Word Prediction Project: Final App Overview

Keith Wheeles
April 4, 2016

Word Prediction App: Background

March 7, 2016: Assignment to develop word prediction app was provided along with three data files. Over 70 million words were included in these files to serve as the training and validation data to train a word prediction application. Preprocessing code written in Python was applied to develop a dictionary of words and counts of bigrams (two words appearing together) and trigrams (three words appearing together). Tables of words and counts were further preprocessed in R to assemble the final tables optimized for use by the final Shiny app. The app uses these counts to predict the next word that the user may type.

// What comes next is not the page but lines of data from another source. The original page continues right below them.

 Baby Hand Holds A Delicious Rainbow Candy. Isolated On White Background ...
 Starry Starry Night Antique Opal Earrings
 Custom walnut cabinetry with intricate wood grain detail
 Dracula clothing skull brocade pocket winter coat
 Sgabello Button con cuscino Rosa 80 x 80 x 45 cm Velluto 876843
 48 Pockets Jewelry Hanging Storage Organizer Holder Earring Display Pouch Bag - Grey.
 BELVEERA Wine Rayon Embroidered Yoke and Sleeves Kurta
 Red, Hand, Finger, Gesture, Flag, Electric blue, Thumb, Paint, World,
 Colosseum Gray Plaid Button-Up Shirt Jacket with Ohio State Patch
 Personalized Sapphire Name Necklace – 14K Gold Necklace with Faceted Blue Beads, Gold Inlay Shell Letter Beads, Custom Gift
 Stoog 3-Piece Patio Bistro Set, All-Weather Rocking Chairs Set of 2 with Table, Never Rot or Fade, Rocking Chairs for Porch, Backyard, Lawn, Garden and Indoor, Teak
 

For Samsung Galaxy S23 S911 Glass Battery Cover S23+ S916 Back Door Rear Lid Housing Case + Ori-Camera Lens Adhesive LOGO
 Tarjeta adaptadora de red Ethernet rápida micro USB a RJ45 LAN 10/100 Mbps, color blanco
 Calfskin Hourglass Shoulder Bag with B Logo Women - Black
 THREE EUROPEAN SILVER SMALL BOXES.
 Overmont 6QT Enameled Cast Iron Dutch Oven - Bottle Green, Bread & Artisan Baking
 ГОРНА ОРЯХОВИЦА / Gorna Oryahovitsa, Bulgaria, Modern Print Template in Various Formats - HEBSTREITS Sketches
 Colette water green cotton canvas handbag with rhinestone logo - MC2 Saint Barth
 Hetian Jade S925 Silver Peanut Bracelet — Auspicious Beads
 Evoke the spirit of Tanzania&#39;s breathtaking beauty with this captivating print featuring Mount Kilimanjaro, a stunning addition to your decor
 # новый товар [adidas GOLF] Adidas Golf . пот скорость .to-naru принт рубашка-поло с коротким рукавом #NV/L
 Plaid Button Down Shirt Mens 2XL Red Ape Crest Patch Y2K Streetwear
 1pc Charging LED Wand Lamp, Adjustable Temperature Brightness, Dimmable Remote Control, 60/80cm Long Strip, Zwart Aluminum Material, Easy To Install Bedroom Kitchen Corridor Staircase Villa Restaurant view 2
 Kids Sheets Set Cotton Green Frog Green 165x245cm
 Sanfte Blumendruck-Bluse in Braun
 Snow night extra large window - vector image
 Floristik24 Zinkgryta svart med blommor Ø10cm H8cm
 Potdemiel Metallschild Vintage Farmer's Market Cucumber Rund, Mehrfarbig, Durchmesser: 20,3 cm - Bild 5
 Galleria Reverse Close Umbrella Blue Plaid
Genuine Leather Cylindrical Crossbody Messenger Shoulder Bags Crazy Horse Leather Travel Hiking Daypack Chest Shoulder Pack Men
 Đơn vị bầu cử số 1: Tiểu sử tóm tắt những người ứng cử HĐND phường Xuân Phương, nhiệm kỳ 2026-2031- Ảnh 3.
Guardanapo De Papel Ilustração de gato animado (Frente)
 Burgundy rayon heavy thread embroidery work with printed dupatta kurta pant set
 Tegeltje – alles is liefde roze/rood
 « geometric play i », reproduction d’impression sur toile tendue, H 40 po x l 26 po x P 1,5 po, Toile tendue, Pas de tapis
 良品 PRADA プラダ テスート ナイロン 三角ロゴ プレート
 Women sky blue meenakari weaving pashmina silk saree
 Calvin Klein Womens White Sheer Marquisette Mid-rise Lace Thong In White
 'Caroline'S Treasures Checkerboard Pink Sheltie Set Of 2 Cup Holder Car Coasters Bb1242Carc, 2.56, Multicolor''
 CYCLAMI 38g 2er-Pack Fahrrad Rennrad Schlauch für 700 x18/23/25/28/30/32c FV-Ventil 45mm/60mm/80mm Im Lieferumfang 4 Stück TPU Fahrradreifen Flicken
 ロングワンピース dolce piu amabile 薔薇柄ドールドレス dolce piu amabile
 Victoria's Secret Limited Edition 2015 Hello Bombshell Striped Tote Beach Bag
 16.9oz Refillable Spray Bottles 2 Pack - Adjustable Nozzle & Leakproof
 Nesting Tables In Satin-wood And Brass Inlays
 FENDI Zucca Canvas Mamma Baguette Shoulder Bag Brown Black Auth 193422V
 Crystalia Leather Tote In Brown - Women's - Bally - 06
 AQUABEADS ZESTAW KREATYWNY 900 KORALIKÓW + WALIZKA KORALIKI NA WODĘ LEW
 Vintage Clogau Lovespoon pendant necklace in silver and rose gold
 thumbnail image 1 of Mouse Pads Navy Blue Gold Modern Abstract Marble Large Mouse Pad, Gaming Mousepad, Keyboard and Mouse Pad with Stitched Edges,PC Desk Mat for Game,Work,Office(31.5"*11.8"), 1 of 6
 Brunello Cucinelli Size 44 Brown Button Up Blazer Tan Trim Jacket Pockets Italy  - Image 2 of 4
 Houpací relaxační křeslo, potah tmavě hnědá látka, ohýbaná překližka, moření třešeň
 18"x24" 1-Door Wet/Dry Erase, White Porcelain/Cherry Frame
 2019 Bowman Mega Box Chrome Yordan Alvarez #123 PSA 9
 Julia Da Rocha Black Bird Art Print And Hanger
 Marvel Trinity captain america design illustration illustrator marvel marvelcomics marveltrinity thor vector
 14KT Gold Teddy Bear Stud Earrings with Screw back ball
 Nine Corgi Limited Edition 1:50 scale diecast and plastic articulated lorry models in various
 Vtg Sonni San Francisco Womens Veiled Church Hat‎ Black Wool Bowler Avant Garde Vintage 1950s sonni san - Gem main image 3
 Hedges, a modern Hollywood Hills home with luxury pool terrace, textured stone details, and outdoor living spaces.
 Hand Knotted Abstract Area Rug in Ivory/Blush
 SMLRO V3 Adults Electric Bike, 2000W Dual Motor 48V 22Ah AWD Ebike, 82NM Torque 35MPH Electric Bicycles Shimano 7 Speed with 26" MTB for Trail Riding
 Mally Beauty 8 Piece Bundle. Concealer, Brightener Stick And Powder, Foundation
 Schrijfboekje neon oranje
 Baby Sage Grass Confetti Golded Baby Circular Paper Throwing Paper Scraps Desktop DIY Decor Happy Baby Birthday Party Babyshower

App Description and Instructions

Resulting app:

  • intent: intuitive to operate, similar to familiar mobile phone keyboards
  • mimics lower case Swiftkey keyboard, limiting keys (thus limiting state transitions)
  • requires users to press “keys” rather than direct computer keyboard input
  • up to three possible word completions appear at the top of the screen which can be pressed to complete the word. These are updated as the user enters each new character
  • tracking metrics are provided at the bottom of the screen

Word Prediction Algorithm

Back-off model using trigram information if available, stepping back to bigram and then unigram if necessary

  • Initialize possibilities data frame (possdf) as empty
  • Add any applicable trigrams - look up using hash of last two words, ranked by decreasing frequency of appearance (4.5 million trigrams involving 950 thousand different first word combinations are stored)
  • Add any applicable bigrams - look up using numeric key for last word, ranked by decreasing frequency of appearance (2.5 million bigrams involving 31 thousand different first words are stored)
  • If less than 3 entries in possdf, add “words” table to possdf, ranked by decreasing frequency of appearance (31 thousand words) [should remove duplicates]

User Experience of App

App “keyboard” implemented for:

  • “look and feel” - familiar interface
  • well defined state transitions (taking each event directly)
  • human engineering - slows typing down slightly, which masks some of the algorithm delay

Full “proof of concept” prototype. Further refinement could be applied:

  • duplicate suggestions or less than three suggestions under certain known and understood circumstances
  • no backspace key (state transition actions necessary not implemented)
  • limited to lower case and apostrophe keys
  • offensive words exist in the corpus text and may appear in suggestions

App Novelty

  • Python preprocessor written to organize unigram, bigram and trigram counts cut development time of the preprocessor code to days
  • Integer representation of words is memory-efficient, and faster, allowing use of large number of trigrams and bigrams
  • Custom “keybaord” implemented to more closely mimic Swiftkey - including update of top three predictions with each user keystroke

I hope you enjoyed the app and appreciate your time in reviewing it!